:: Data shown ::

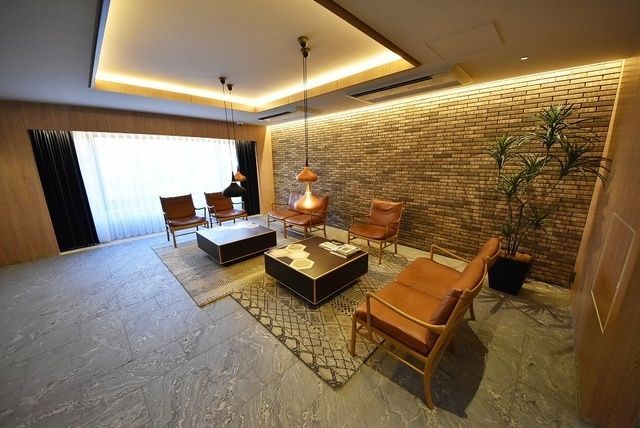 エントランス　参宮橋マンション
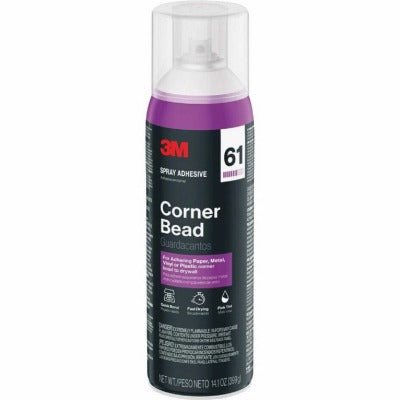 3M 3M Company 61-NAT Drywall Corner Bead Spray Adhesive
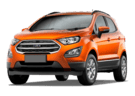 Ворсовые коврики на Ford EcoSport 2012 - 2023 в Екатеринбурге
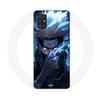 Maniacase Case for Samsung Galaxy A51 4g Kakashi Hatake Anime Fanart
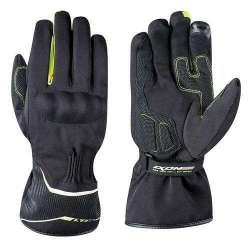 IXON PRO GLOBE Gants Hiver Noir-Jaune vif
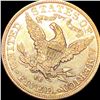 Image 2 : 1891-CC $5 Gold Half Eagle UNCIRCULATED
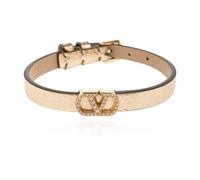 Valentino Garavani - Bracciale Vlogo Signature - - Accessories - Donna - Giallo - ONE SIZE
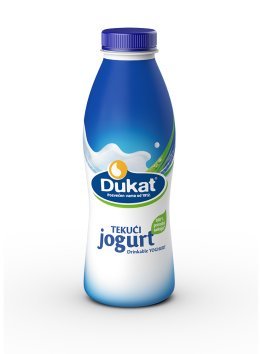 Dukat tekući jogurt, 2,8% m.m., 500 g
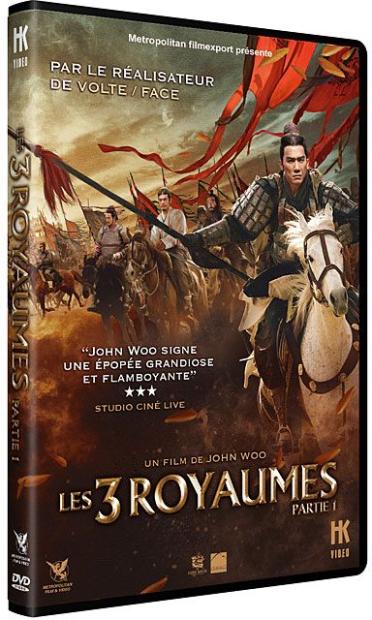Les 3 royaumes - Partie 1 [DVD]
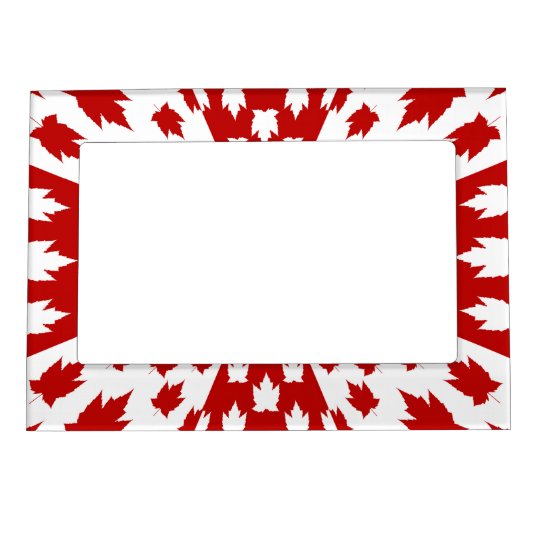 Canada Flag Picture Frames Personalized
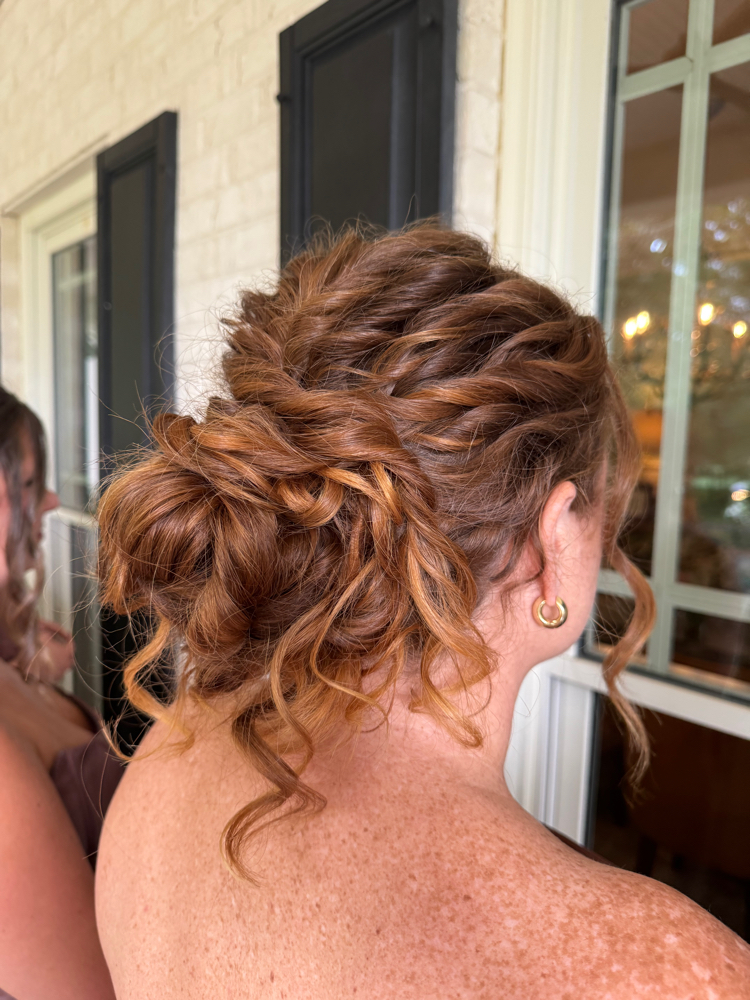 Special Occasion Style at Mikayla Storey Beauty in Burlington, NC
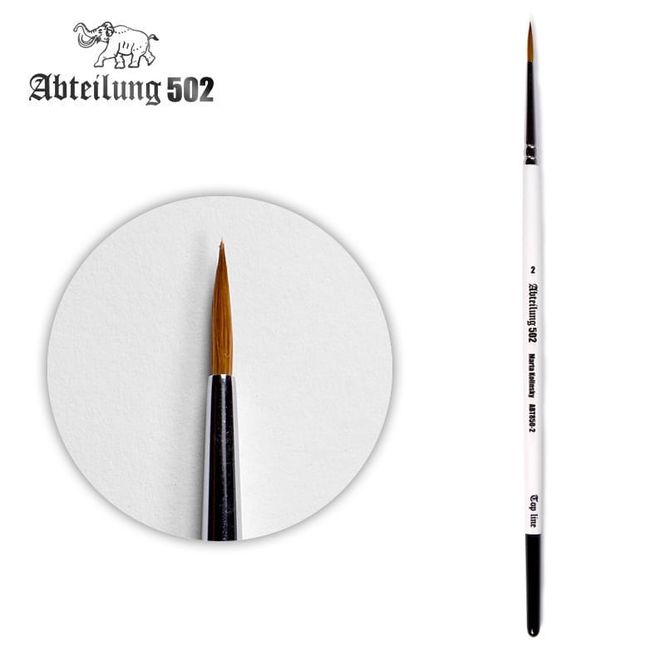 Hovedbilde AK Interactive - Marta Kolinsky 2 Brush Top Line
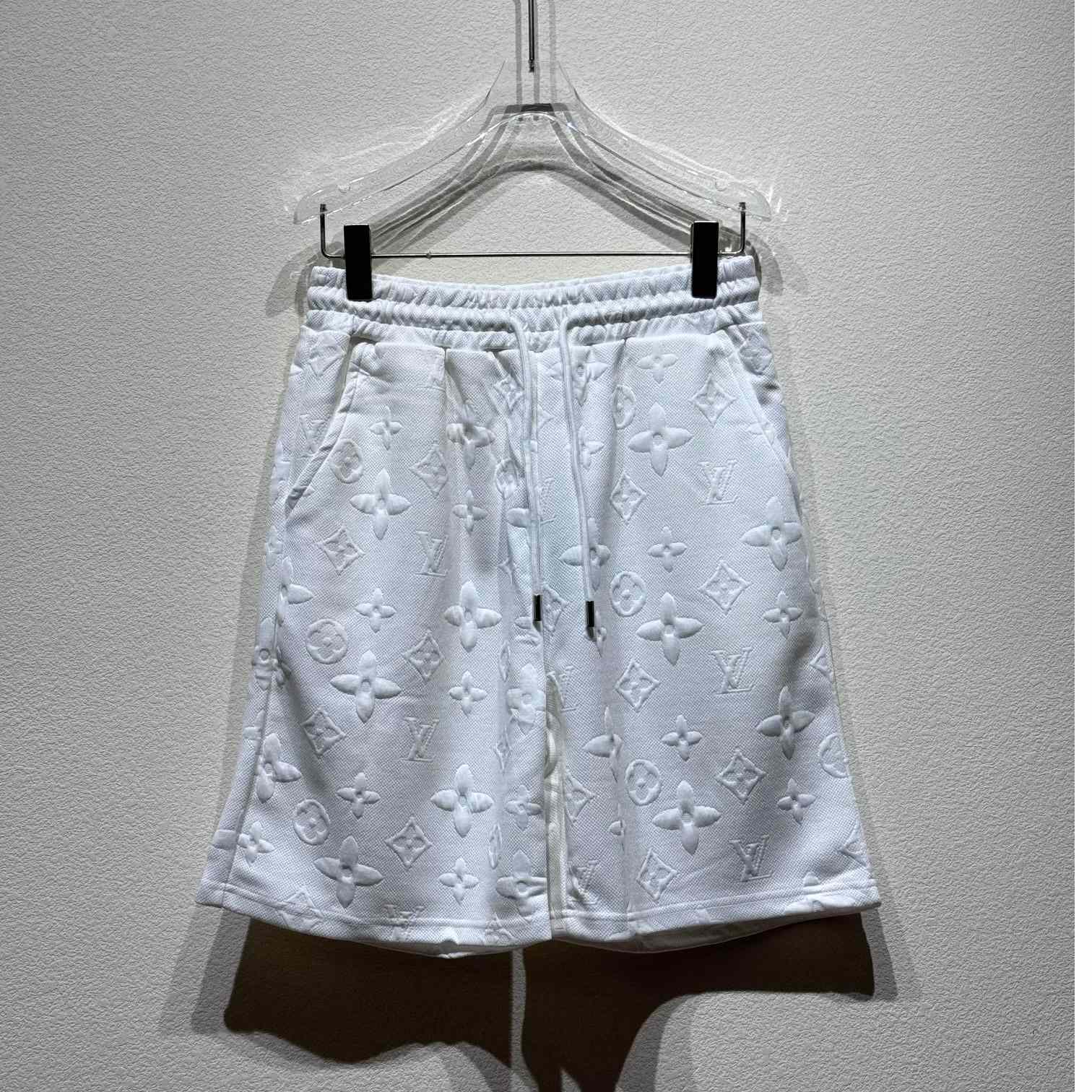 Louis Vuitton Monogram Shorts - DopestKickz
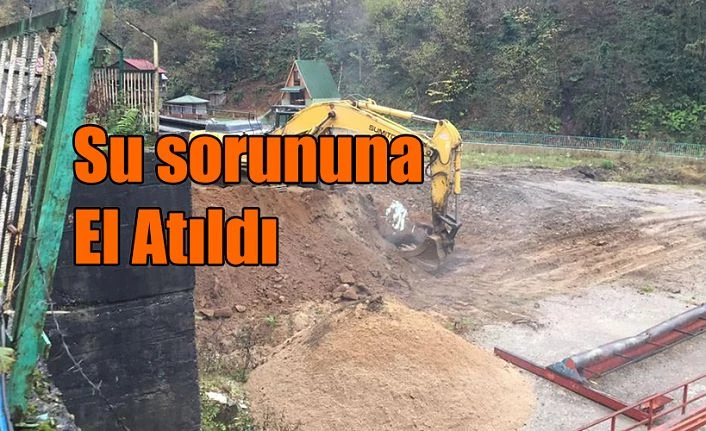 KENTİN SU SORUNUNA EL ATILDI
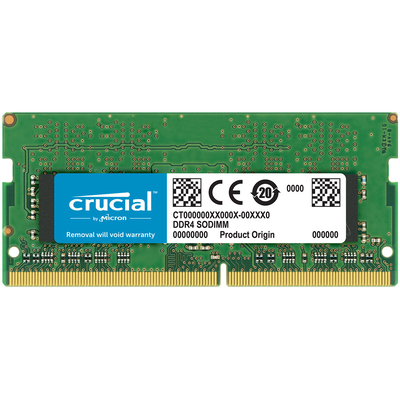 Product Μνήμη RAM Φορητού DDR4 2400 8GB C17 Crucial base image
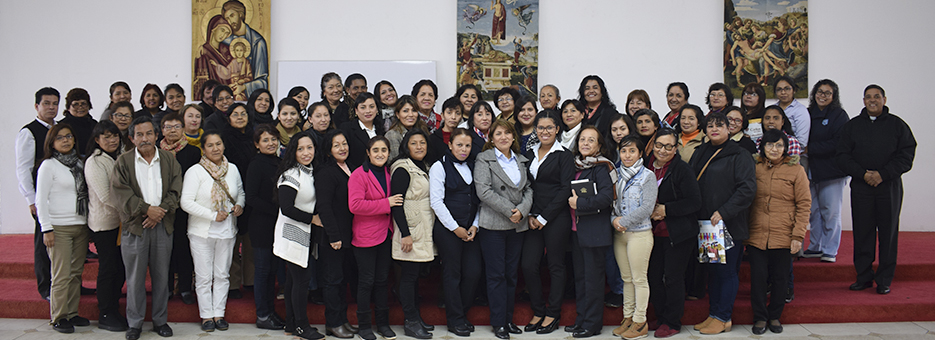 “Reunión de Secretarias Diocesanas” termina con éxito 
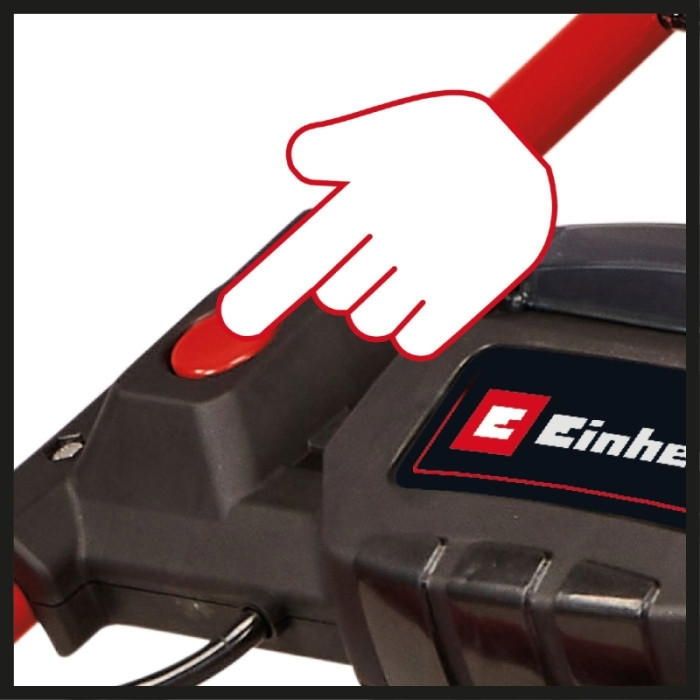Бензинова самоходна косачка Einhell - GC-PM 46 S HW-E, 2 kW, 46 cm, с ел. стартер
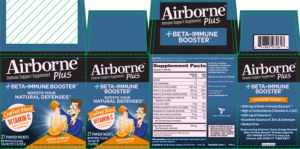 Beta-Immune Booster Zesty Orange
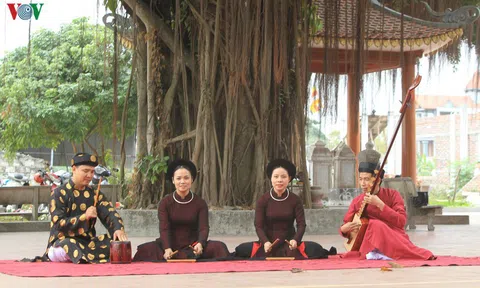 Hải Phòng: Đầu xuân, về Đông Môn nghe ca trù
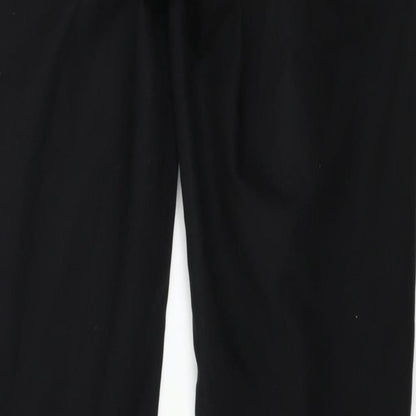 George  Womens Black   Trousers  Size 10 L26 in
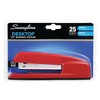 Swingline 74736 Business Stapler,20 Sh Cap, 210 Staples, Red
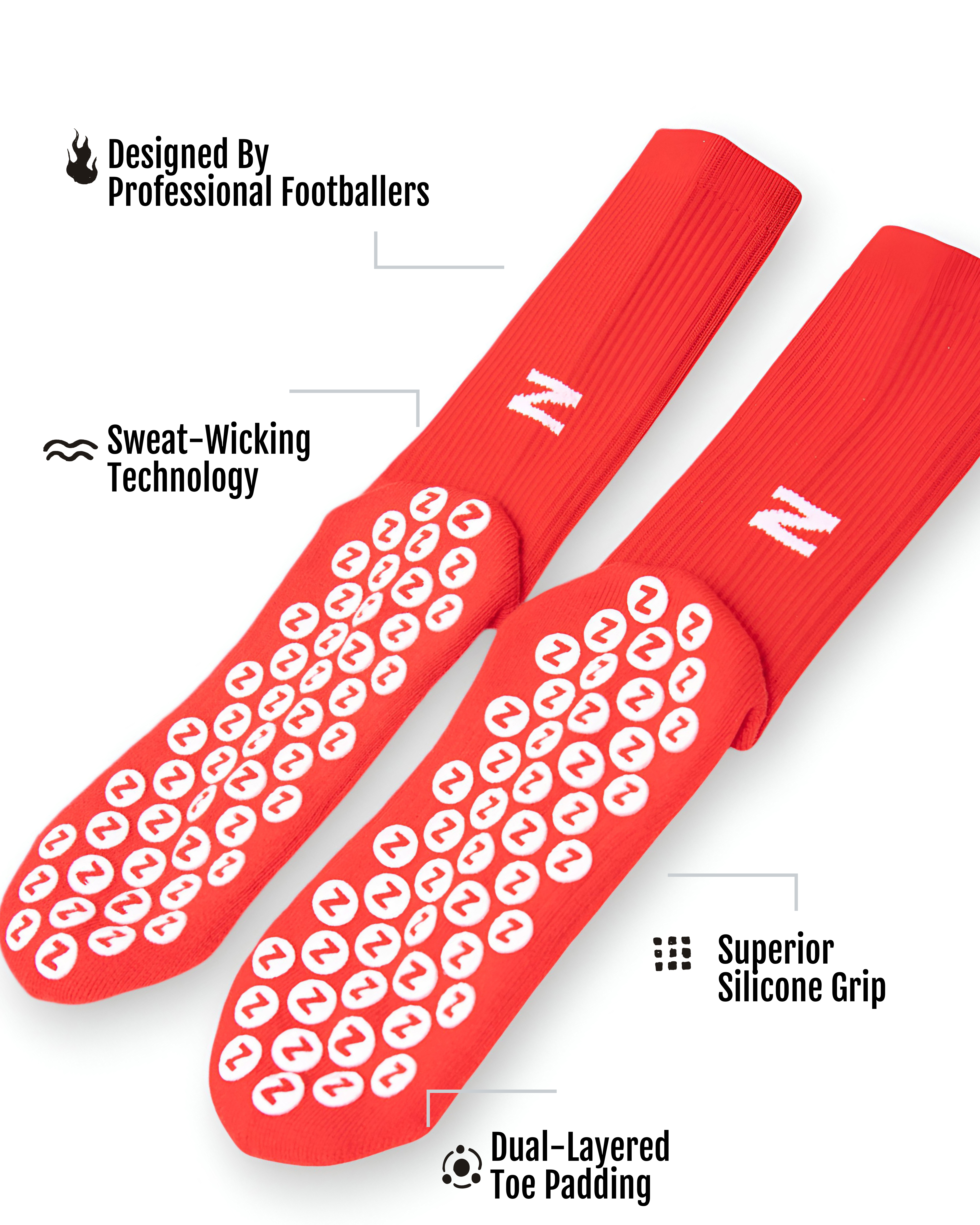 GRIPZ ORIGINALS - RED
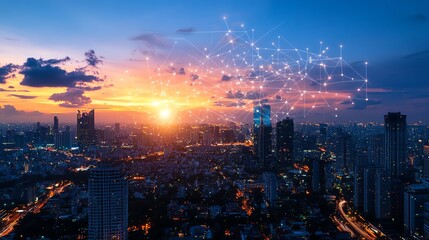 AI's integration in various sectors is driving digital transformation on a global scale.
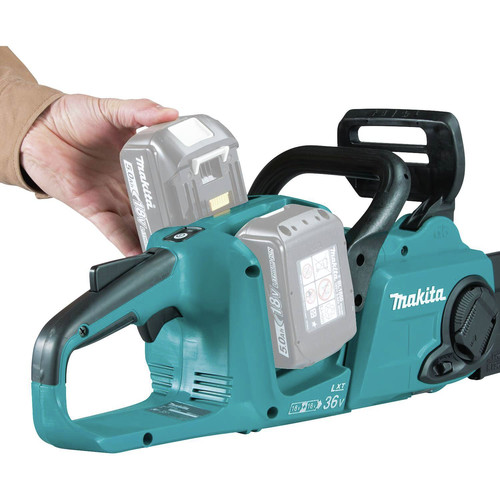 Makita XCU03Z X2 36V LXT Lithium Ion Brushless Cordless 14 in. Chainsaw Tool Only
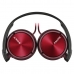 Слушалки с лента за глава Sony MDRZX310APR.CE7 Червен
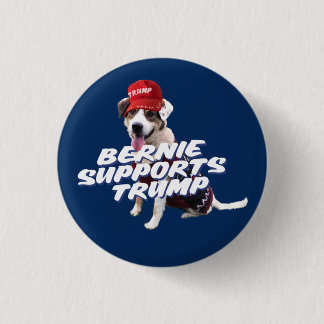 Macaron Rond 2,50 Cm Bernie Trump drôle 2020 bouton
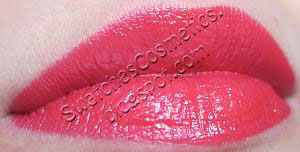 Swatches Cosmetics Свотчи Косметики Губная помада для губ Lipstick Dior №444 Red Muse
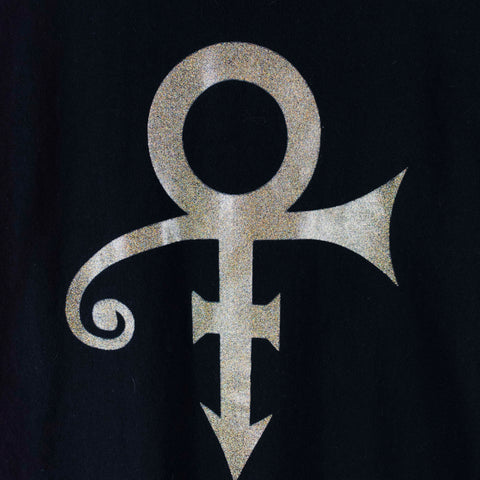 Prince The Artist Gold Symbol T-Shirt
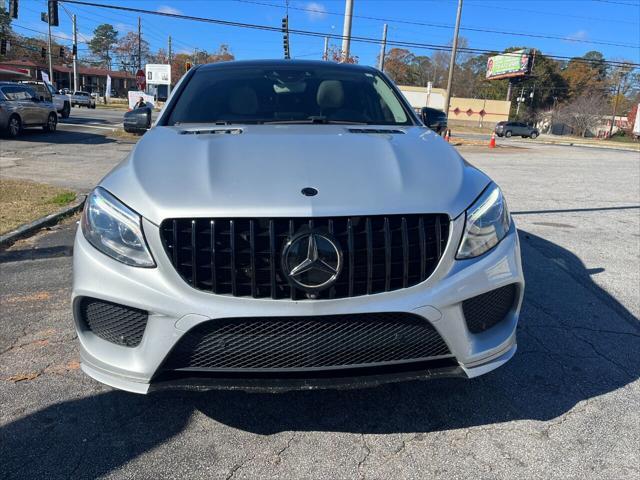 used 2016 Mercedes-Benz GLE-Class car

:::

--- Your goal ---
Within the entries above, the lines from the one containing "Hovedbilde AK Interactive" through the one containing "termina con éxito" are to be transcribed exactly, ends included, pictures excluded.

--- Solution to the exercise ---
 Hovedbilde AK Interactive - Marta Kolinsky 2 Brush Top Line
 Louis Vuitton Monogram Shorts - DopestKickz
 KENTİN SU SORUNUNA EL ATILDI
 Product Μνήμη RAM Φορητού DDR4 2400 8GB C17 Crucial base image
 “Reunión de Secretarias Diocesanas” termina con éxito 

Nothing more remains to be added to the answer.